SCHRIEVER AIR FORCE BASE, Colo. – A satellite that will monitor the clutter in Earth orbit is scheduled to launch Saturday, nearly three months later than originally planned.
The Space-Based Space Surveillance (SBSS) satellite was scheduled to launch on July 8, but it was grounded by concerns about software in the Minotaur IV rocket and a problem in the rocket's electronics.
Officials said there were no problems in the satellite itself.
It's designed to give the Air Force its first full-time, space-based surveillance of satellites and debris in Earth's orbit. It monitors them for possible collisions.

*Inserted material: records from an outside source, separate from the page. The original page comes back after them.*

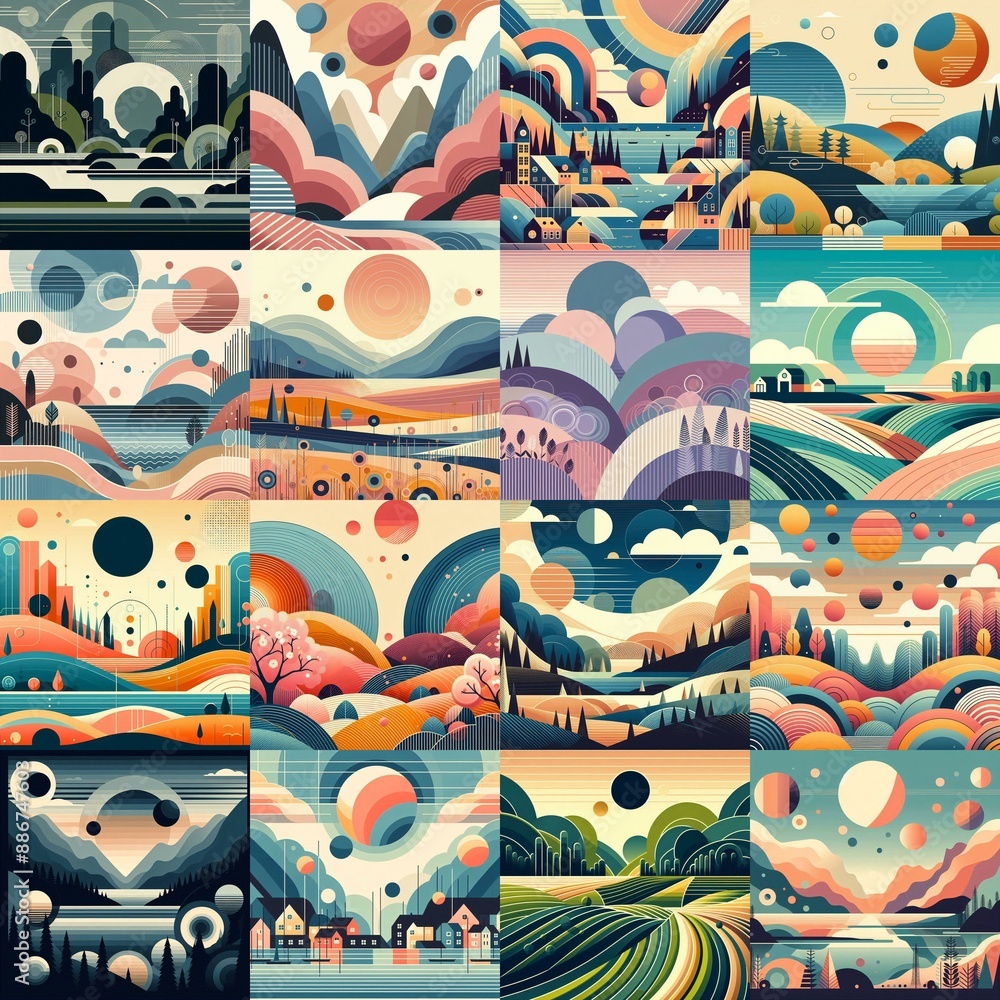 Bauhaus art style geometric landscapes. AI generated illustration Bauhaus art style geometric landscapes. AI generated illustration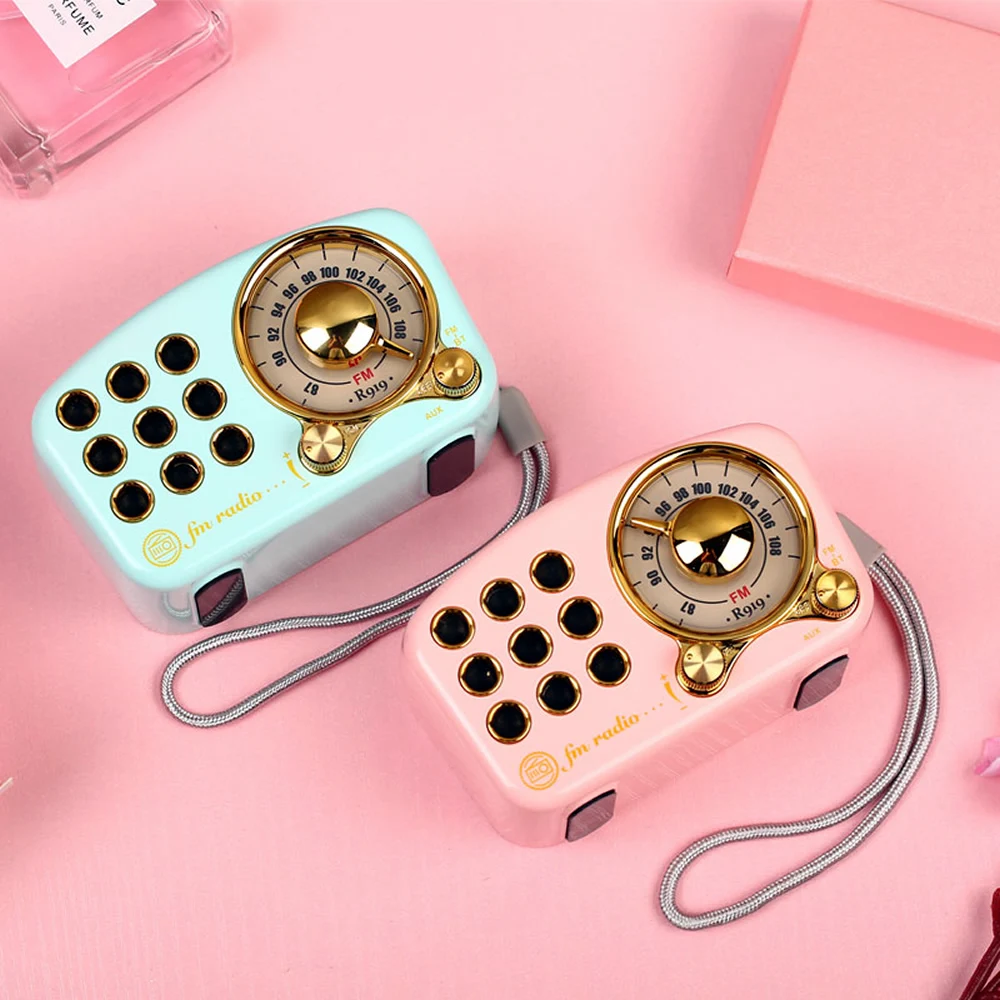 

FM Speakers Radio Music Box Wood Portable Pink Crafts Solid For Home Subwoofer Outdoor Wooden Mini Indoor Old Time Player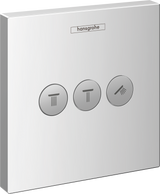 Hansgrohe ShowerSelect Valve chrome panel with three outlet control buttons for concealed shower installation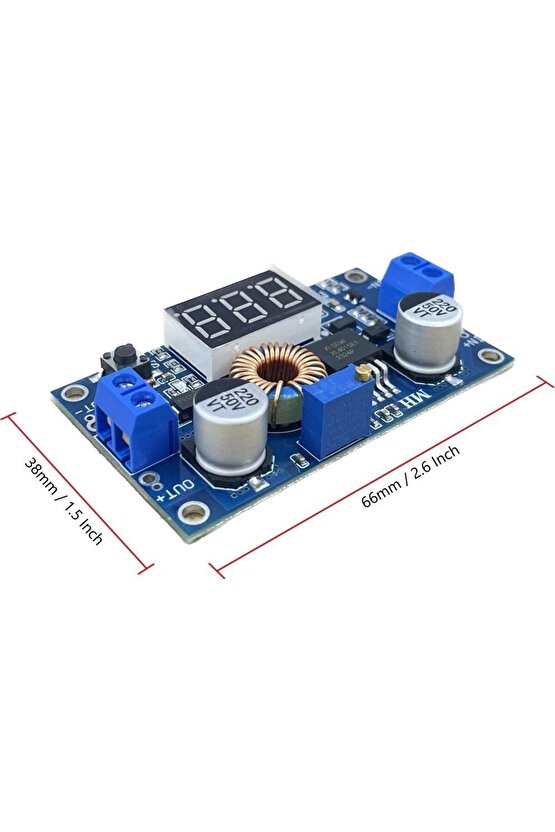 XL4015 75W 5A Dc-Dc Voltmetre Ekranlı (3digits) Voltaj Düşürücü Modül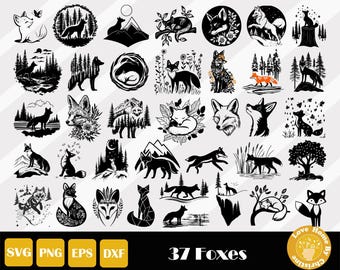 Forest Animal Cricut, Forest Animal Svg, Animal Svg Bundle, Wild Animal Svg, Fox Vector, Fox Clipart, Fox Cricut, Fox Svg, Fox Silhouette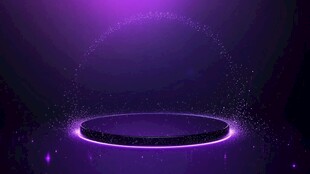 紫色梦幻光效圆形展示台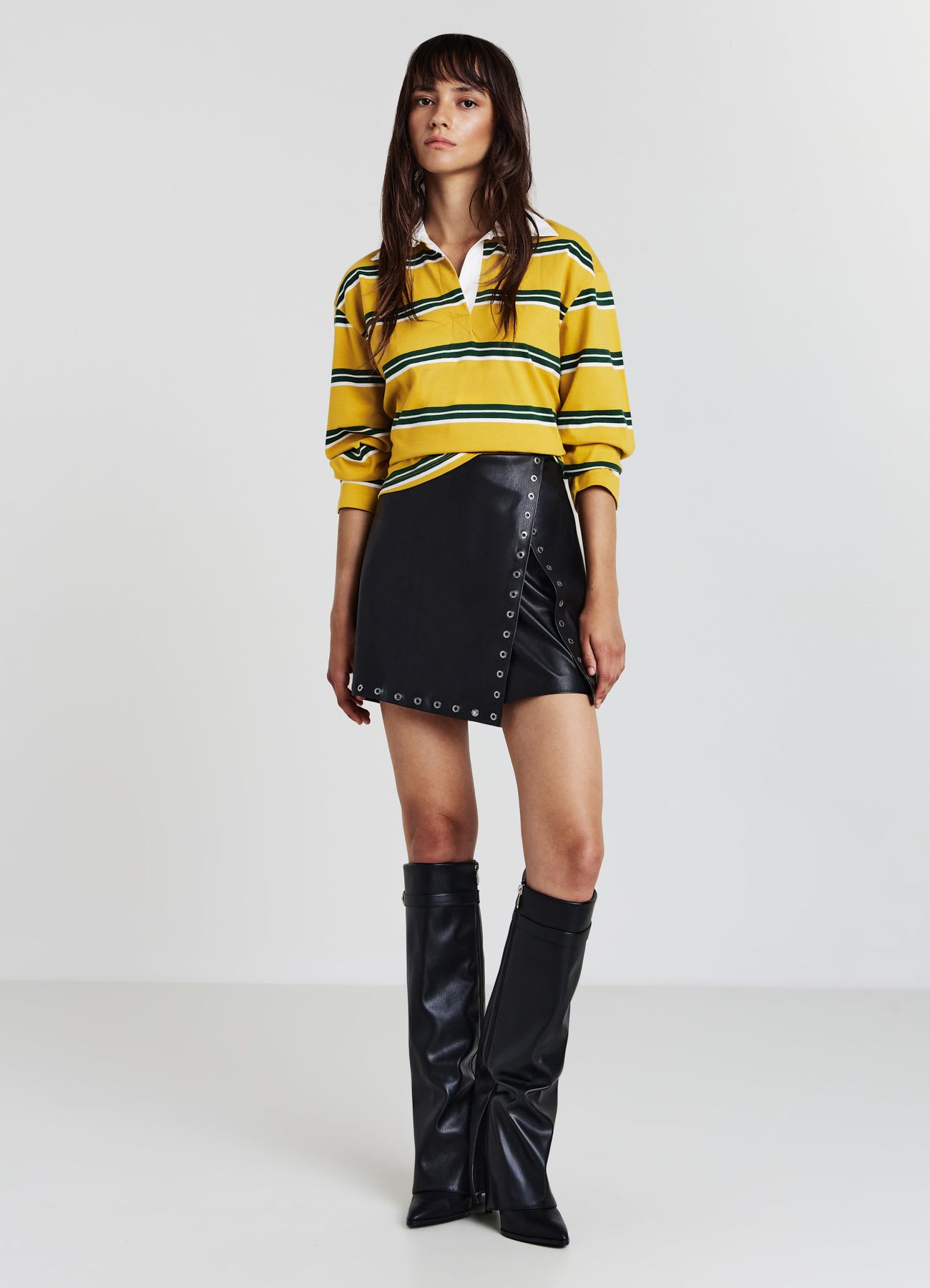Gonna-pantalone similpelle borchie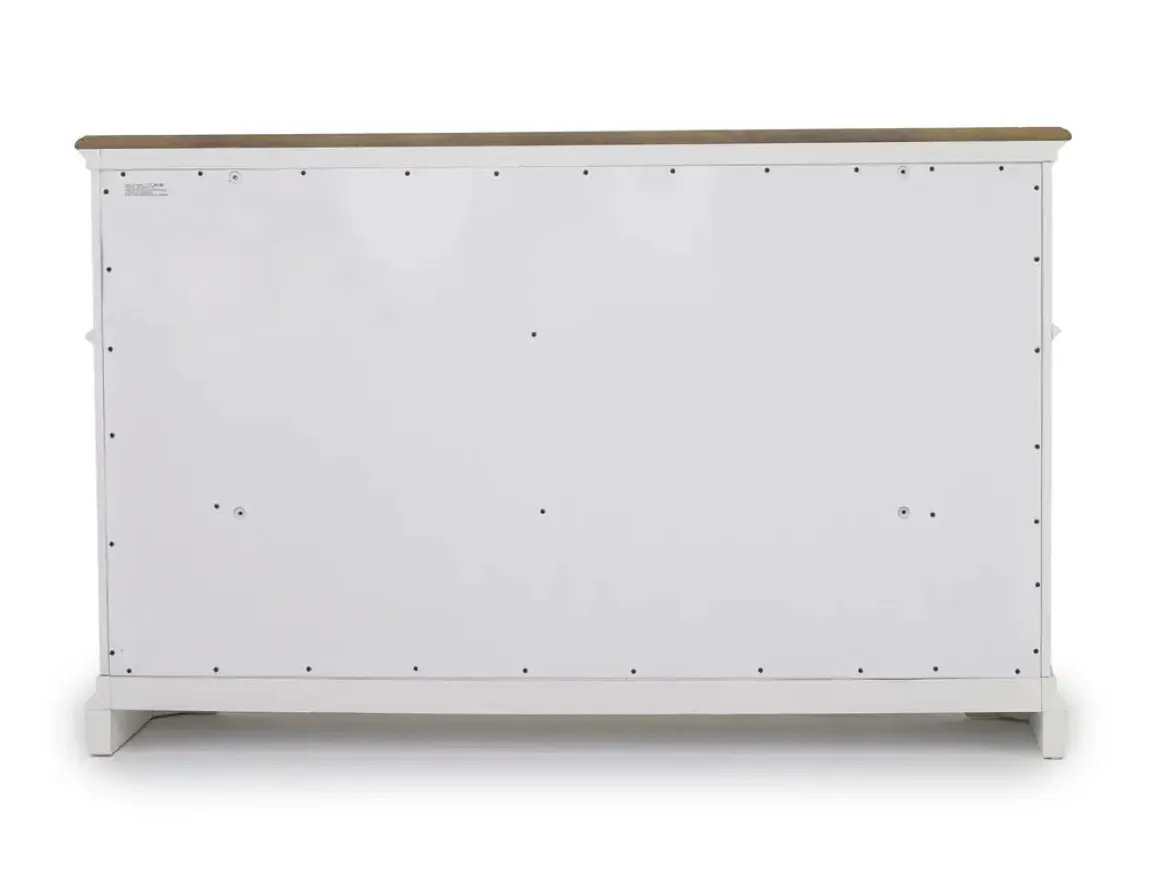 Bellevue Dresser In Antique White & Walnut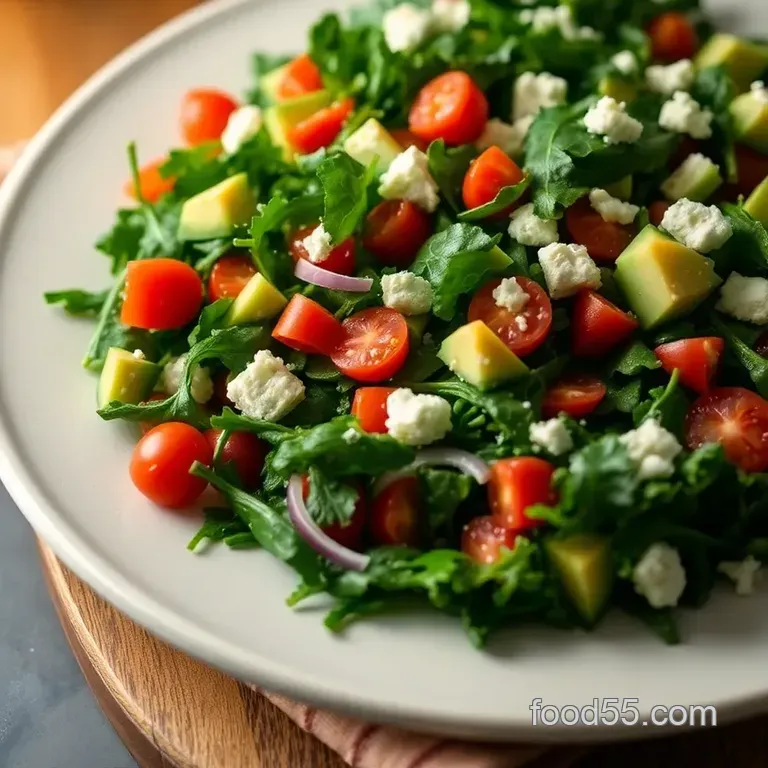 Savory Cava Supergreens Salad presentation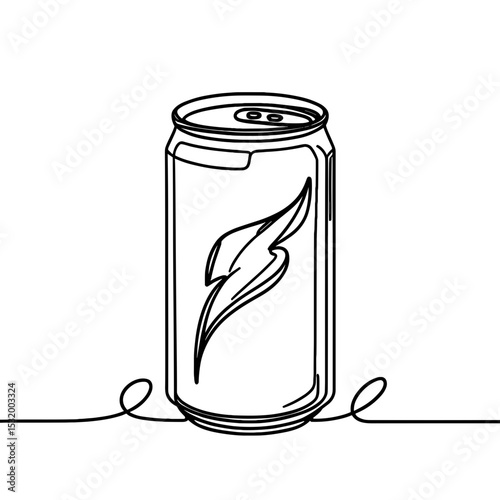 Energy drink can in line art symbolizing refreshment and power
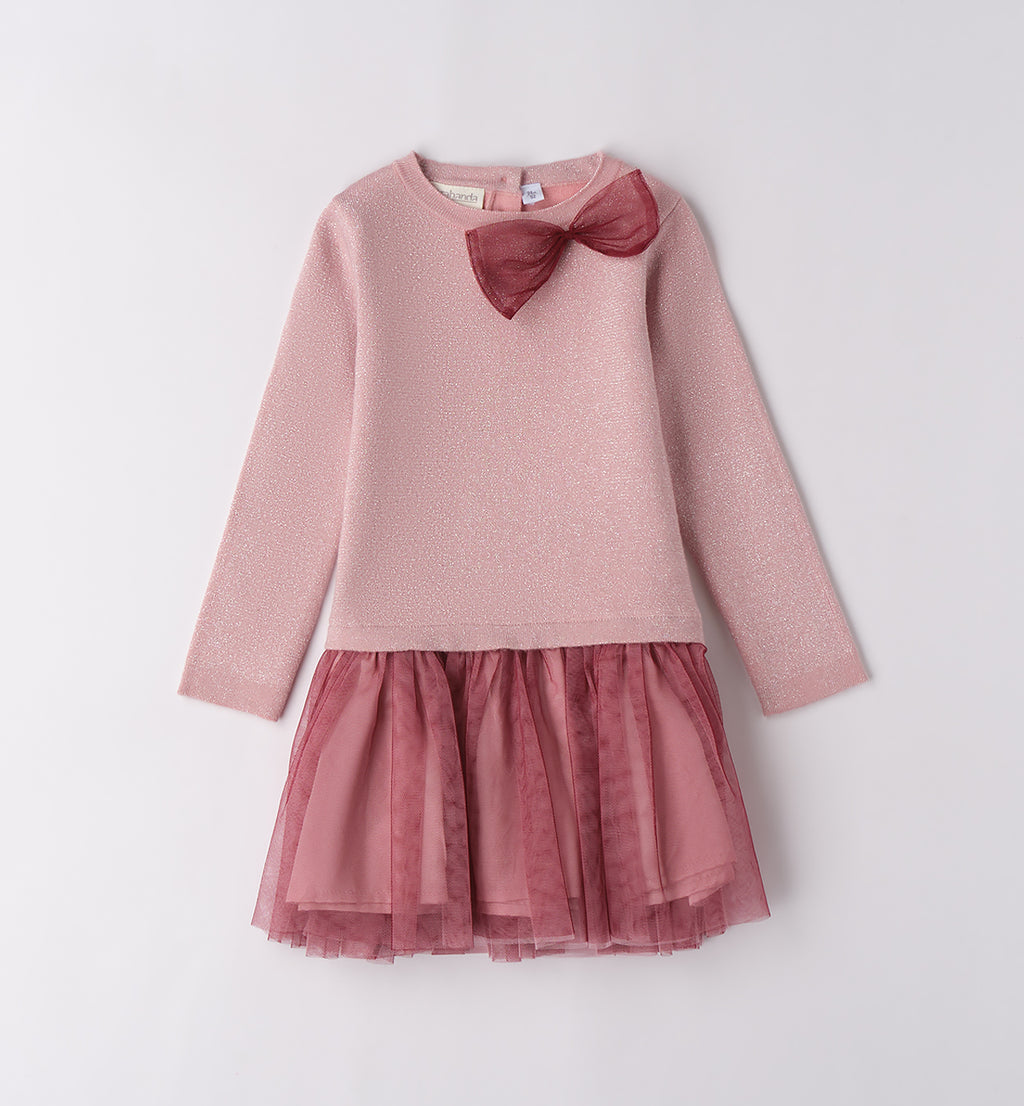 0F340 ABITO MAGLIA TAGLIATA CON MANICA BAMBINA SARABANDA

"Every day, threats to our nation’s valuable satellites and space platforms are growing," said Col. J.R. Jordan, vice commander of the U.S. Air Force Space and Missile Systems Center's Space Superiority Systems Wing. "SBSS will revolutionize our ability to find and monitor objects that could harm the space assets we depend on for security, communications, weather forecasting and many other essential services."
Launch will be at Vandenberg Air Force Base, Calif. A command center at Schriever Air Force Base, Colo., will oversee day-to-day operations once in orbit.
"The SBSS team is ready to go on Sept. 25," said Todd Citron, director of Boeing Advanced Space and Intelligence Systems, which helped manufacture the satellite. "We've thoroughly rehearsed all plans and procedures, the Satellite Operations Center has been configured for flight operations, and the SBSS satellite and Minotaur launch vehicle are completing final preparations. We're looking forward to putting this spacecraft into orbit so that it can perform its vital mission."
Boeing is responsible for overall program management; systems engineering and integration; design and development of the Satellite Operations Center; and system operations and maintenance. Ball Aerospace developed, designed, manufactured, integrated and tested the satellite, using the Boeing-built onboard mission data processor.